ICD200 used to be a little hard to come by, but these days it's very easy to find and follow. There are a few details that requires care and a number of implementers practices that is not covered.

In contrast, this listserve has passed along many stories about dumb
programming involving leap seconds, including both GPS receiver and
NTP software.  Hopefully the manufacturers fix those too, but I'm
beginning to think Pasteur was not entirely correct.  That is, for
some kinds of bugs spontaneous generation appears to be a valid
process.

There are many types of bugs that may creep up. Just looking at ICD200 is not enough. One way of avoiding them is by the awareness medicine, making people aware of a type of problem makes them look for it, avoid it and test it again. Another way of avoiding problems is to provide test-suits for software that can be used by many implementers. Further testing can be done by black-box testing with GPS simulators. Regardless, bugs will creep in and some will always be unique to the particular environment they live in.

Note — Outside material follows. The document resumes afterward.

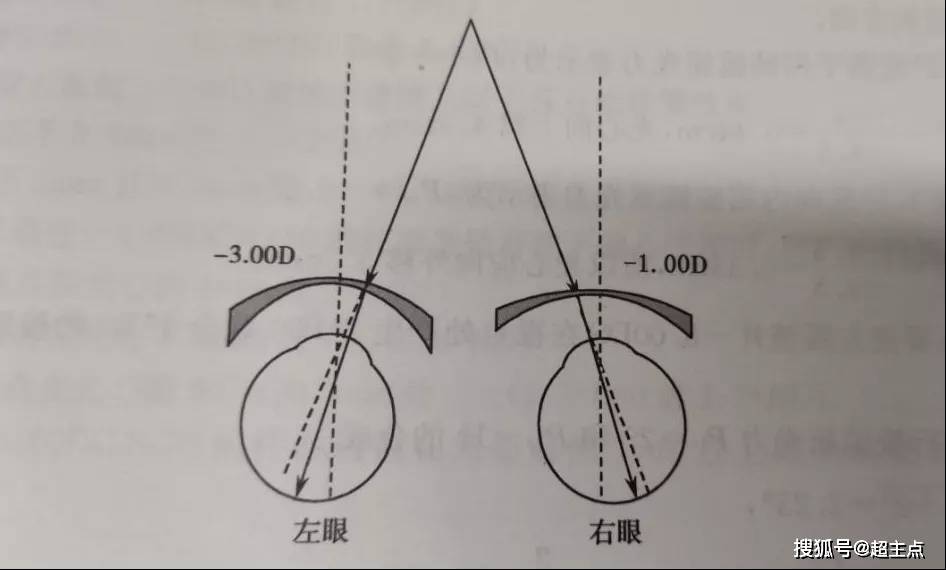 科普篇丨屈光參差與斜視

One aspect which can make old designs fail to work is that both ICD200 and the use of it slowly change. The use of PRN31 and PRN32 is among those, as is the wrapping of week numbers and its handling. In the end, black-box testing needs to be done to verify the lifetime of a particular firmware. Firmware life-time warranties is not given and the users needs to protect themselves and plan for upgrades before they are bit. If vendors make long-term commitments then that is fine, but effectively the commitments have varied greatly and customers have suffered severely at times (including over a month of downtime of their service).

Firmware bugs and pure hardware problems are more probable for most users than jamming, but neither is being cared too much about in real life.

In the end, you have to follow the first rule of buying equipment: What's wrong with the lowest bid? Find out and discard it, look at the next one and keep doing it until you have found one without any nasty problems attached that you can't live with.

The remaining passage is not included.